Extracted records:
========

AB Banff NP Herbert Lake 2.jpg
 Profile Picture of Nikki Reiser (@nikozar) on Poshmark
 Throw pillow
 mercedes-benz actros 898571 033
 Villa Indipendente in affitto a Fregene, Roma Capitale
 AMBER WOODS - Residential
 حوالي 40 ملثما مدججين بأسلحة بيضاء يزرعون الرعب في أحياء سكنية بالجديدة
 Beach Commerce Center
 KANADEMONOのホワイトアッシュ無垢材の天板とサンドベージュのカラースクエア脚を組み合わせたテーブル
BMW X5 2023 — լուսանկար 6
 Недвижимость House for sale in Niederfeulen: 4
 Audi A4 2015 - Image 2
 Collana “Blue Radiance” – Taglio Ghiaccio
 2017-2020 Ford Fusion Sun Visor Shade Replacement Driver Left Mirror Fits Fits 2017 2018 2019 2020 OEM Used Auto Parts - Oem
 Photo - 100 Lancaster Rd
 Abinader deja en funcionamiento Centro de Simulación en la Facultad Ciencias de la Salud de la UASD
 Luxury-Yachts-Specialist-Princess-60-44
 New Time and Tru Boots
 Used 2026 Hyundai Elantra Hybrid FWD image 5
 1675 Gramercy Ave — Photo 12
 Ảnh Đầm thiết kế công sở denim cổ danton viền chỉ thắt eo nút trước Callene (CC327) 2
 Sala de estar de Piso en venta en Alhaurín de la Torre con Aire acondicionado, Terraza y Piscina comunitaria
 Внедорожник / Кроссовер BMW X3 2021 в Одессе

========

Assignment: Go through the entries and return each line where the word "Used" appears.

Completed task:
 2017-2020 Ford Fusion Sun Visor Shade Replacement Driver Left Mirror Fits Fits 2017 2018 2019 2020 OEM Used Auto Parts - Oem
 Used 2026 Hyundai Elantra Hybrid FWD image 5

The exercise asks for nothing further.